When I arrived at the exchange location in front of a specific building, I was approached by three men. I asked to do a money exchange, and when I pulled out my wallet one of the men immediately grabbed it. I grabbed it back and punched the guy, as he fell down, one of the other men grabbed my arms from behind while the third man punched me in the face. I grabbed both men and threw them onto the ground – they had a difficult time getting up so I left and proceeded to walk to my hotel which was 20 minutes away. When I entered the lobby of the hotel, the hotel staff were staring at me in an odd manner – the concierge exclaimed, “Sir, you are bleeding,” I replied, “where?” He said “Everywhere!” I looked down and saw that my shirt was soaked in blood.
My face and head were still numb so I felt nothing. The hotel called a doctor – I was bleeding from below my eye, luckily it wasn’t serious. What I thought was a powerful punch was actually a knife strike. Since then I have always kept my distance from any strangers, profiling everyone and veering off at angles when approached closely. My scar is slightly visible – lesson learned.
WR
10 Stabbing Victims Describe What it’s Like to Be Stabbed
*Original article from Ranker, by Kellen Perry
1) I Thought He Was Punching Me
An Australian woman known in the press only as “Elizabeth” was stabbed an astonishing 31 times by a home invader in a “frenzied attack” in 2002. Amazingly, she lived to tell the tale.

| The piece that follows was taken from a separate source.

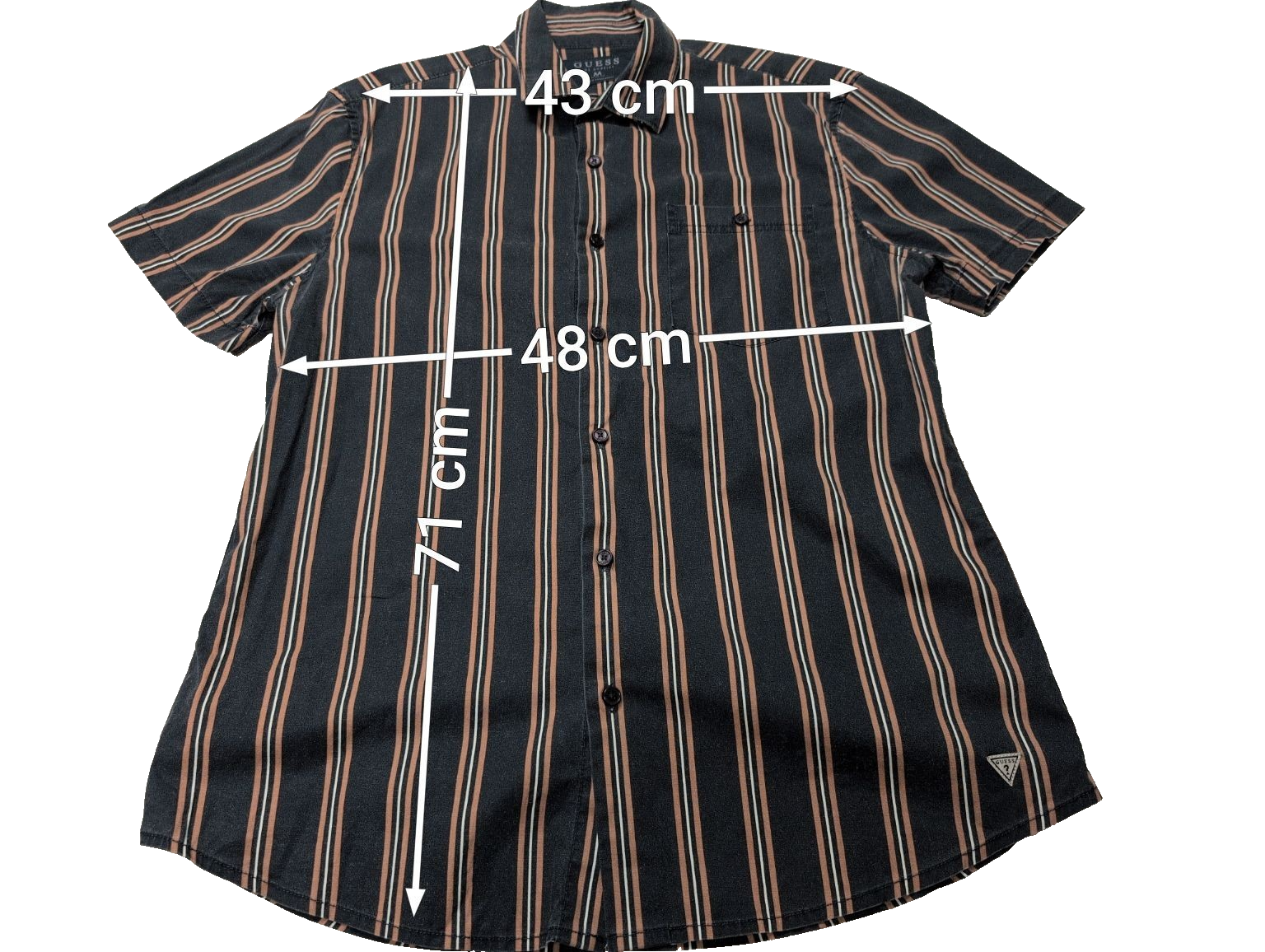 Chemise manches courtes Guess noir à rayures taille M #119msch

At first, Elizabeth felt like she was being punched. “I couldn’t understand why he was punching me,” she told Australia’s Daily Telegraph in 2013.
“I didn’t realize that the blows were actually him stabbing me. I have read since that this is quite common when the sympathetic nervous system kicks in.” While her mother called for an ambulance, Elizabeth felt like “a cold wind was sweeping through [her] body.” Upon seeing all the blood on her bathroom floor, Elizabeth, in a surreal moment, thought, “This is all going to need to be regrouted.”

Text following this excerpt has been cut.